Smart phones are becoming a standard across creative and consumer communities and their locative properties are beginning to change the way that we navigate physical and social spaces. Platforms such as the Apple iPhone and Google Android that contain GPS (Global Positioning Systems) technology are becoming a powerful research platform for exploring rural and urban landscapes.
At present the technology tends to provide a series of primary services; satellite navigation to allow users to travel effectively from one place to the another, or ‘locative’ services that allow users to find people or places of interest close by them. However, the systems sustain a technological and temporal determinism to show users in maps of the present as though they should feel that they are navigating a simulacrum of ‘actual’ space.
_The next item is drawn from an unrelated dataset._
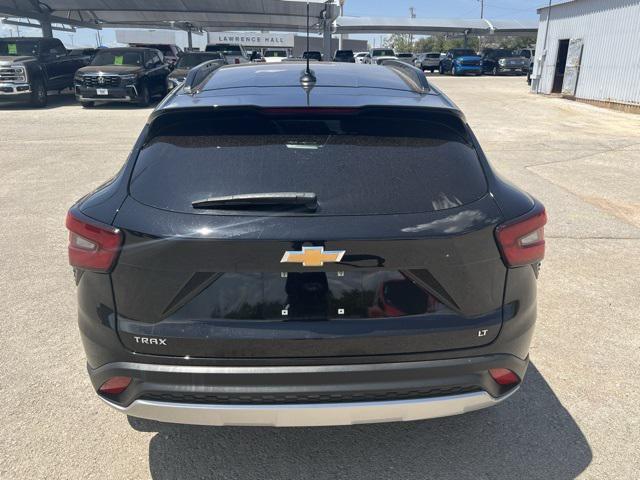 used 2024 Chevrolet Trax car, priced at $21,500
Walking Through Time is a JISC funded project to develop a smart phone based application that allows people to not to be located in the ‘now’, but instead in the past. Upon launching the phone application, users are able to find themselves in ‘present’ space, but by selecting from a series of historical maps they suddenly find themselves in a map of the same area but 150 years earlier (for example). The software then allows users to follow streets and walk through walls that have since been transformed through urban re-development.
The investigators are interested in the sense of identification that users have expressed as they identify themselves as the ‘blue dot’ on the screen that is able to ‘walk’ on a historical map as though it was laid beneath their feet across ‘present’ space. And the realisations that occur as they correlate representations of historical space (maps) with a cities spaces of historical representation (architectures of the past).